▶ [EXERCISE]:
Here the job is to repeat the listing exactly, but not the pictures in it.
+++ DATA PROVIDED +++
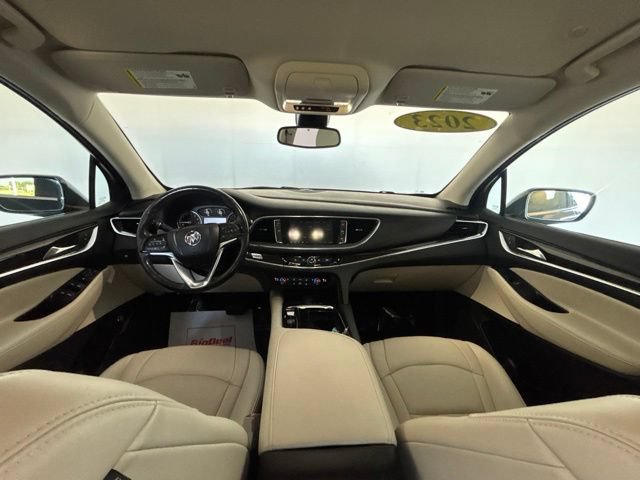 Used 2023 Buick Enclave Essence AWD/4WD image 25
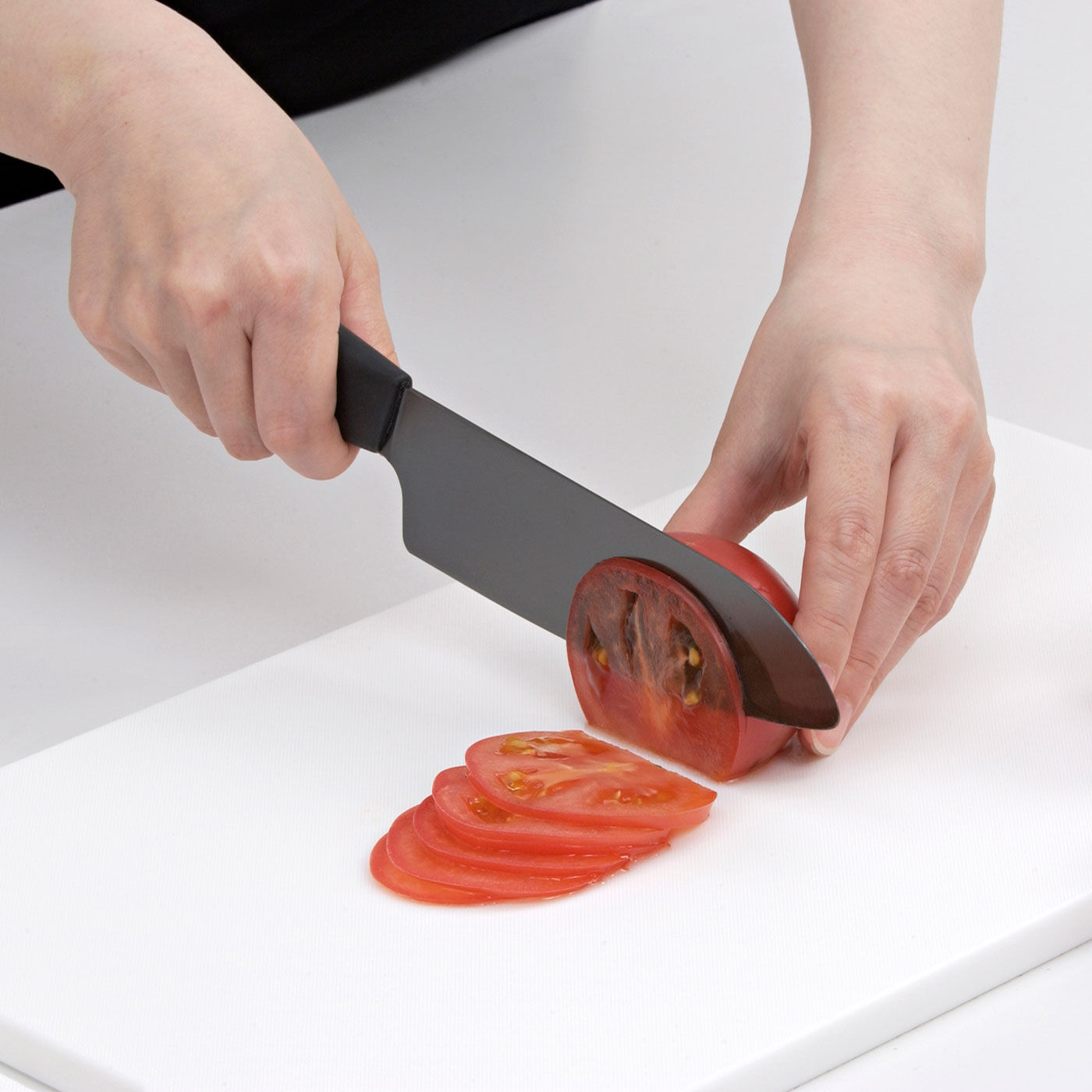 フェリシモの雑貨 クラソ|軽い・さびない・お手入れ簡単！ セラミックナイフ〈14cm三徳ナイフ〉|幅広い食材に
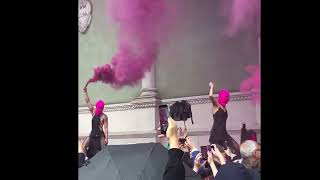 Pussy Riot и Femen открыли павильон России на Венецианской биеннале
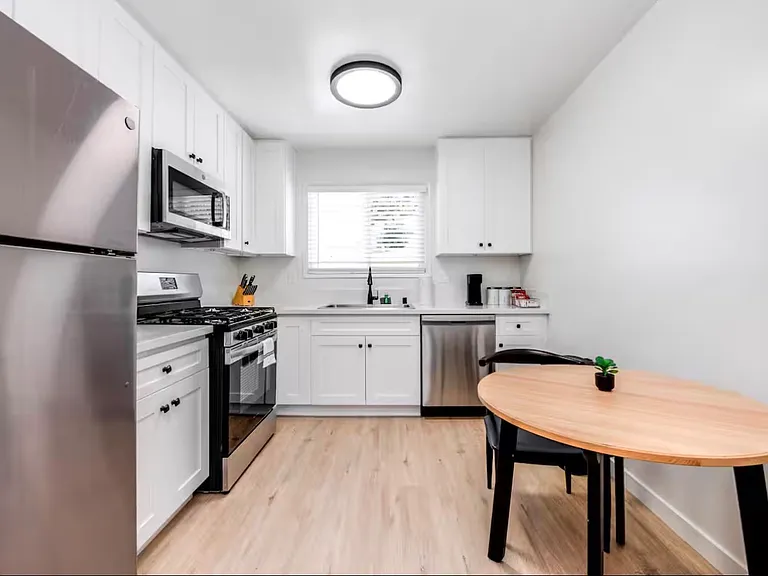 4685 Orion Ave #17 — Photo 8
+++
▶ [ANSWER BOX]:
 Used 2023 Buick Enclave Essence AWD/4WD image 25
 フェリシモの雑貨 クラソ|軽い・さびない・お手入れ簡単！ セラミックナイフ〈14cm三徳ナイフ〉|幅広い食材に
 Pussy Riot и Femen открыли павильон России на Венецианской биеннале
 4685 Orion Ave #17 — Photo 8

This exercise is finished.